I don’t need most of the Anaconda distribution and want to use a lighter-weight base image¶
Instead of using the full Anaconda distribution, use a base Docker image that only includes the conda
package manager:
# Dockerfile
FROM continuumio/miniconda3:latest
ENV PATH=/opt/conda/bin/:${PATH}
RUN pip install --no-cache-dir htmap
ARG USER=htmap
RUN groupadd ${USER} \
&& useradd -m -g ${USER} ${USER}
USER ${USER}
From here, install your particular dependencies as above.
If you prefer to not use conda
, an even-barer-bones image could be produced from
# Dockerfile
FROM python:latest
RUN pip install --no-cache-dir htmap
ARG USER=htmap
RUN groupadd ${USER} \
&& useradd -m -g ${USER} ${USER}
USER ${USER}
We use python:latest
as our base image, so we don’t have conda
anymore.
I want to use a Python package that’s not on PyPI or Anaconda¶
Perhaps you’ve written a package yourself, or you want to use a package that is only available as source code on GitHub or a similar website.
There are multiple way to approach this, most of them roughly equivalent.
The first step for all of them is to write a setup.py
file for your package.
Some instructions for writing a setup.py
can be found here.
Once you have a working setup.py
, there are various ways to proceed, in reverse order of complexity:
Upload your package to PyPI and
pip install <package>
as in previous sections. This is the least flexible because you’ll need to upload to PyPI every time your update your package. If you don’t own the package, you shouldn’t do this!Upload your package to a publicly-accessible version control repository and use pip’s VCS support to install it (for example, if your package is on GitHub, something like
pip install git+https://github.com/<UserName>/<package>.git
).Use the
COPY
build instruction to copy your package directly into the Docker image, thenpip install <path/to/dir/containing/setup.py>
as aRUN
instruction. Note that your package will need to be in the Docker build context (see the docs for details).
I want to use a base image that doesn’t come with Python pre-installed¶
Say you have an existing Docker image that you need to use (maybe it includes non-Python dependencies that you aren’t sure how to install yourself).
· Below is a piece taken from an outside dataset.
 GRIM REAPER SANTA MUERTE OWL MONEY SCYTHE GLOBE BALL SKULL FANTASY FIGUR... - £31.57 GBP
You need to add Python to this image so that you can run your own code in it.
We recommend adding miniconda
to the image by adding these lines to your Dockerfile:
# Dockerfile
# see discussion below
FROM ubuntu:latest
RUN apt-get -y update \
&& apt-get install -y wget
# Docker build arguments
# use the Python version you need
# default to latest version of miniconda (which can then install any version of Python)
ARG PYTHON_VERSION=3.6
ARG MINICONDA_VERSION=latest
# set install location, and add the Python in that location to the PATH
ENV CONDA_DIR=/opt/conda
ENV PATH=${CONDA_DIR}/bin:${PATH}
# install miniconda and Python version specified in config
# (and ipython, which is nice for debugging inside the container)
RUN cd /tmp \
&& wget --quiet https://repo.continuum.io/miniconda/Miniconda3-${MINICONDA_VERSION}-Linux-x86_64.sh \
&& bash Miniconda3-${MINICONDA_VERSION}-Linux-x86_64.sh -f -b -p $CONDA_DIR \
&& rm Miniconda3-${MINICONDA_VERSION}-Linux-x86_64.sh \
&& conda install python=${PYTHON_VERSION} \
&& conda clean -y -all
After this, you can install HTMap and any other Python packages you need as in the preceeding sections.
Note that in this example we based the image on Ubuntu’s base image and installed wget
,
which we used to download the miniconda
installer.
Depending on your base image, you may need to use a different package manager
(for example, yum
) or different command-line file download tool (for example, curl
).
I want to build an image for use on the Open Science Grid¶
First, read through OSG’s Singularity documentation.
Based on that, our goal will be to build a Docker image and have OSG convert
it to a Singularity image that can be served by OSG.
The tricky part of this is that Docker’s ENV
instruction won’t carry over to
Singularity, which is the usual method of etting python3
on the PATH
inside the container.
To remedy this, we will create a special directory structure that Singularity
recognizes and uses to execute instructions with specified environments.
This is not a Singularity tutorial, so the simplest thing to do is copy the entire singularity.d directory that htmap-exec uses: https://github.com/htcondor/htmap/tree/master/htmap-exec/singularity.d
Anything you need to specify for your environment should be done in
singularity.d/env/90-environment.sh
.
This file will be “sourced” (run) when the image starts, before HTMap executes.
In your Dockerfile, you must copy this directory to the correct location inside the image:
# Dockerfile snippet
COPY <path/to/singularity.d> /.singularity.d
Note the path on the right: a hidden directory at the root of the filesystem.
This is just a Singularity convention.
The left path is just the location of the singularity.d
directory you made.
Note that if you FROM
an htmap-exec
image, this setup will already be embedded
in the image for you.